Cacique Awa Tenondegua
Cacique Awa Tenondegua. Foto: Fernanda Paixão
O governo está sempre interferindo no nosso modo de vida, cada vez mais quer diminuir o nosso território, nossa população, acabar com o nosso povo. Neste governo atual tá havendo muita invasão de terra, muita pressão dos ruralistas, é um momento que estamos sofrendo muito. As pessoas que não nos conhecem parecem achar que estamos cantando felizes, mas na verdade é um cântico, uma reza de nossa cultura, hoje queríamos estar cuidando da nossa terra e não estar aqui lutando por elas. Não podemos viver como fazíamos há 500 anos. Através das urnas metade da população mostrou o verdadeiro eu, um povo racista, que não gosta de negros, não gosta de índio, não gosta de LGBT e o brasileiro mostrou seu verdadeiro eu e eu fico muito triste com isso. Minha filha, que hoje tem 7 anos, não sei se vai ter terra para viver, não sei se vai ter um rio para pescar, uma mata para conhecer as ervas medicinais, então hoje estamos aqui para rezar, para abençoar, para colocar na cabeça dos ministros e dos senadores para darem um retorno pra gente. O pessoal do Bolsonaro estava fechando rodovia, protestando contra o preço do combustível, do diesel, mas hoje eles estão aí batendo palma para o Bolsonaro, isto eu realmente não entendo.

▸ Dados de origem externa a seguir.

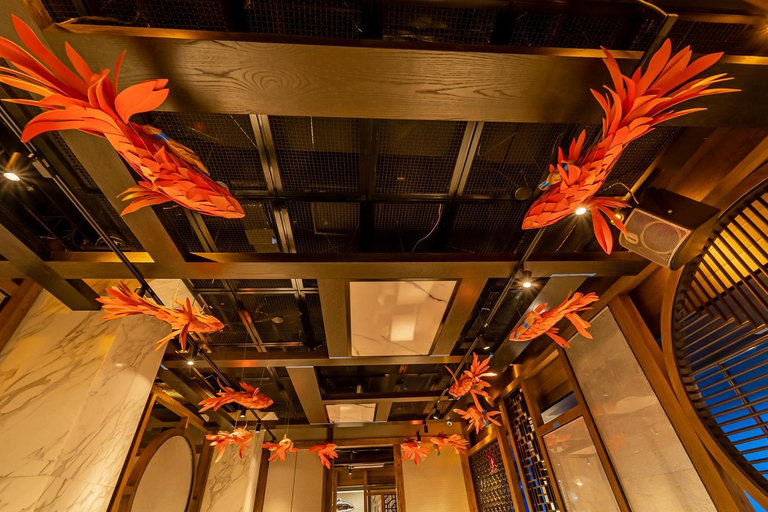 Times Square New Year's Eve Party with DJs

Cacique Anildo Lulu Awarokadju
Representante da aldeia Tereguá, localizada a cerca de 40 quilômetros de Bauru/SP, Anildo é presidente do Conselho Estadual dos Povos Indígenas de São Paulo, membro da coordenação executiva da APIB (Articulação dos Povos Indígenas do Brasil), e integrante da ARPINSUDESTE.
Cacique Awá Tenondegua
Cacique da Aldeia Tapirema, localizada na Terra Indígena de Piaçaguera/SP, em Peruíbe, litoral sul de São Paulo. A aldeia integra o bioma Mata Atlântica e ocupa uma área extensa – desde a praia até o sertão, sendo uma das comunidades indígenas responsáveis pela preservação daquela região.
Cacique Darã
Cacique da Aldeia Tekoa Porã do município de Itaporanga/SP, Darã é coordenador geral da Articulação dos Povos Indígenas do Sudeste (ARPINSUDESTE). Há mais de 20 anos, participa das lutas dos povos indígenas no Brasil e é também embaixador da ONG Corrida Contra a Fome.